As I write this, we’re getting on with the business of getting on. The storms of this winter that did so much to change the shoreline are going to live in our memories just as the ’78 storm still does.

A lot has been said about the property damage along the coast and, of course, in Harpswell. Immediately after the January storms, there was much concern about how some of the visual icons fared. Well-known wharves and popular shoreline businesses got drive-bys before the winds died so folks could scoop their “friends” with photos and videos taken with their phones and posted on social media.

For us old folks who prefer to remain near the coffee pot rather than to venture out in the storm, the posts were a welcome incentive to stay put. It seemed that the scene of the accident was everywhere one looked along the shore. Fortunately for all, the predicted winds failed to show up with the tide and storm surge.

By the looks of the bucket trucks, equipment haulers, and construction company box trucks in the neighborhoods, you’d think there are dozens of building projects underway right now. It seems to me that there are more crews occupied with repairs on shoreline residences than with docks, wharves, fish houses, etc.

One company I spoke with said that shoreline and shoreline structure repairs require local and/or state permits. I asked if obtaining the required permit to replace or repair what was lost because of these storms was a lengthy wait. I was told that the state responses to permit applications are reasonable, with some requiring no response at all after a 10-day wait. Confidentially, he said that recently the local permit application review process has gotten bogged down.

Some, and perhaps many, property owners are waiting to see what funding might be available from insurance or disaster relief before they begin to clean up or repair their properties. If they go ahead now, it may appear to an insurance company or government agency that there is no damage to fix, so no funding is needed.

You, dear reader, know me well enough by now to expect me to inject a bit of humor, sarcasm, cynicism or BS into my writing. Not on this subject, however. To the recent public attention to preserving the working waterfront, these storms have dealt a mighty blow, one from which recovery will be difficult. If the wharves, docks and fish houses are not rebuilt, as sure as I am writing this we will lose more waterfront to development and more native community members to wealthy transplants with different agendas.

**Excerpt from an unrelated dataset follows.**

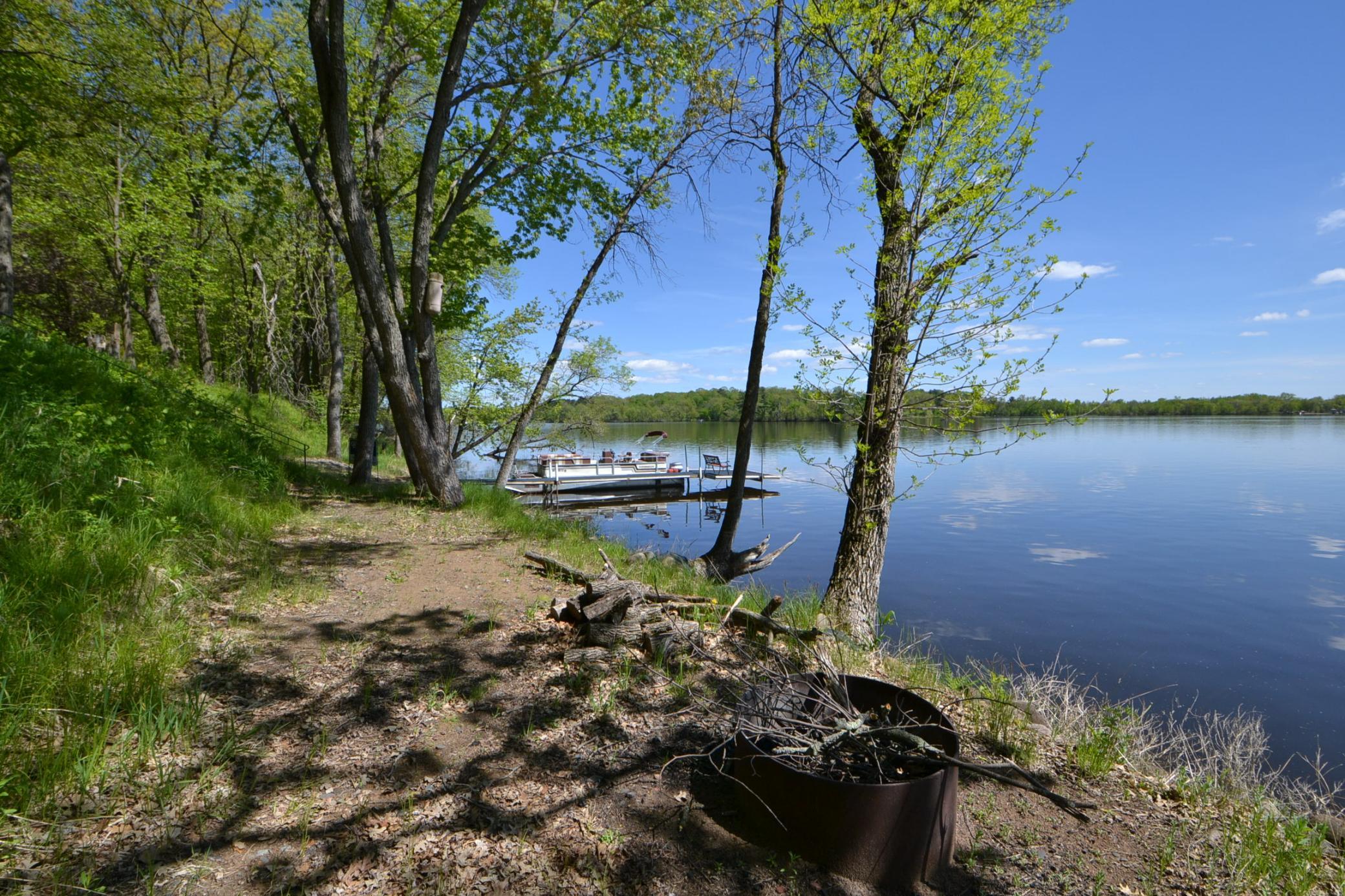 Lakeside firepit.JPG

I will continue to support the local marine industry that has been the backbone and identity of Harpswell alongside the vacation rental businesses. Many of our family and friends have had to seek housing in other towns as the cost of property in Harpswell has skyrocketed. Without a healthy marine industry and the infrastructure to support it, I can envision my hometown continuing to decay into an exclusive adult community for wealthy, childless, work-at-home owners and retirees with warm-climate forwarding addresses for the winter, choked by mobs of summer vacationers when it’s warm.

“Harpswell: a non-working-waterfront gated community … without the gates.”

Sounds ugly to me.

Support our fishermen and the local marine industry, folks, and help them rebuild. Your town depends on it.

Butch Lawson is an observer of life. He lives on Bailey Island.